## Required action
Once you find the line with "Corkys Tan Sandals" in the entries below, print it and each line after it up to and including the line with "Apple vẫn chưa", exactly, without pictures.

## Input data
^^^^^^^^
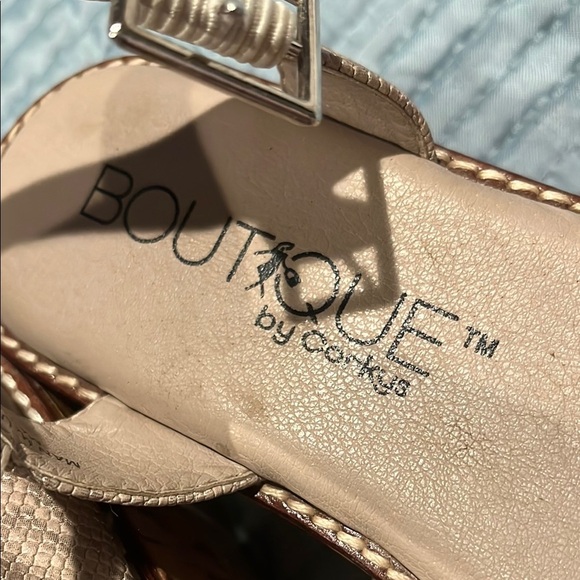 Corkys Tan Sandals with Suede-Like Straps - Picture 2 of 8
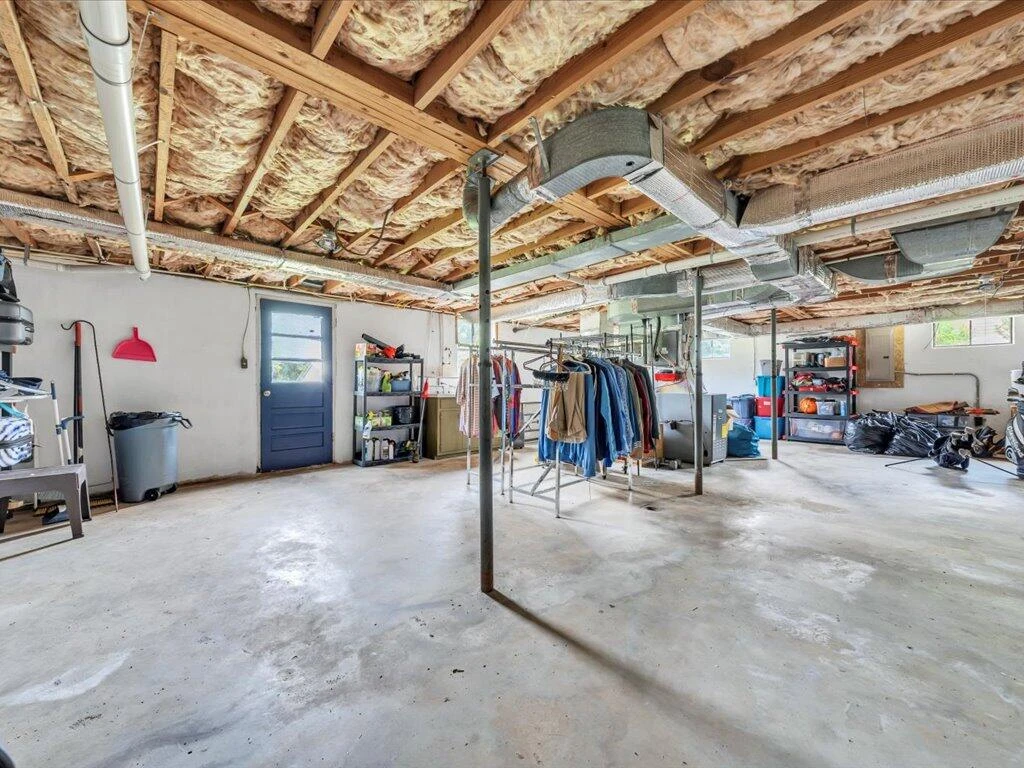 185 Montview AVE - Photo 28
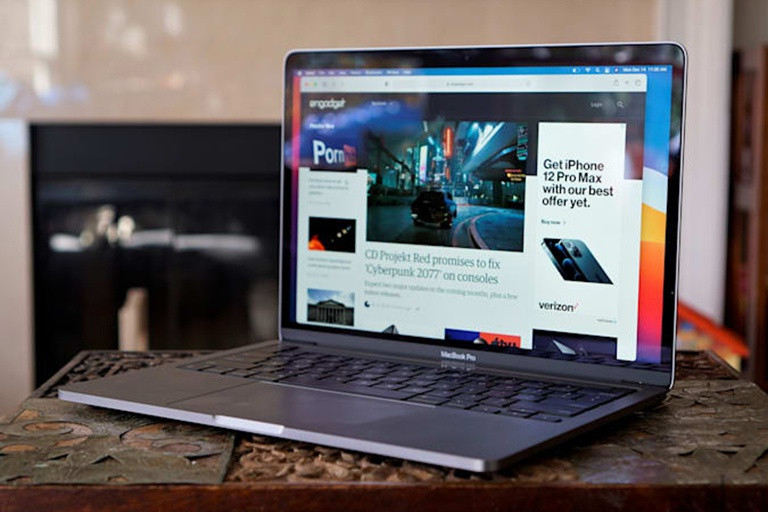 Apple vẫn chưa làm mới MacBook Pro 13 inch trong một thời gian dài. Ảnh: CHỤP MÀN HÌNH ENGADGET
^^^^^^^^
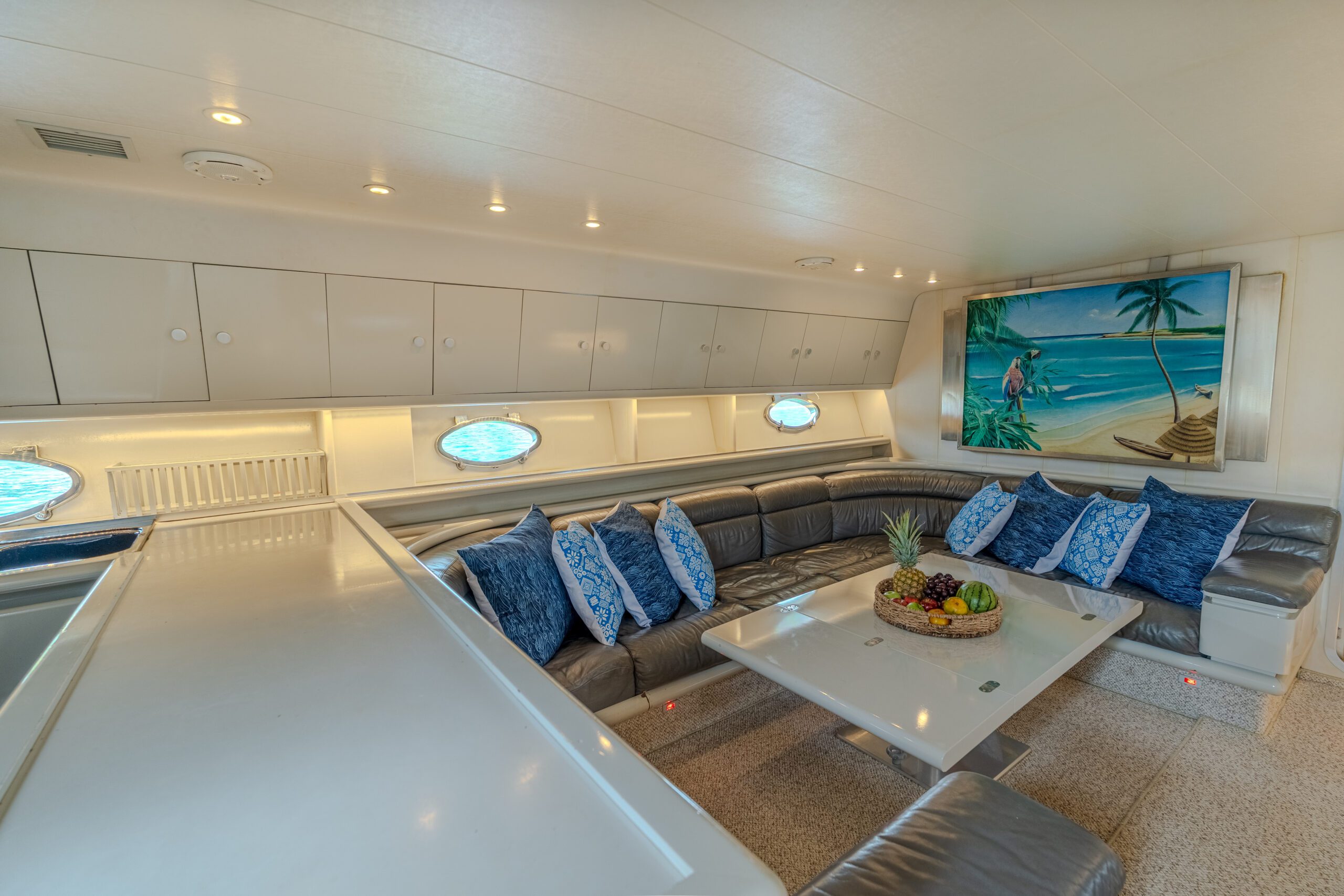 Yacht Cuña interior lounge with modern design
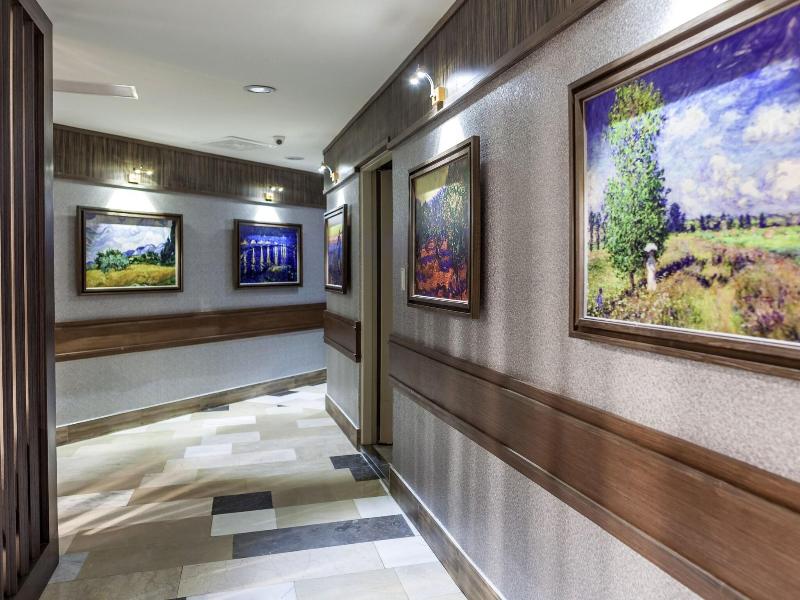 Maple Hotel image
^^^^^^^^
## Exercise solution
 Corkys Tan Sandals with Suede-Like Straps - Picture 2 of 8
 185 Montview AVE - Photo 28
 Apple vẫn chưa làm mới MacBook Pro 13 inch trong một thời gian dài. Ảnh: CHỤP MÀN HÌNH ENGADGET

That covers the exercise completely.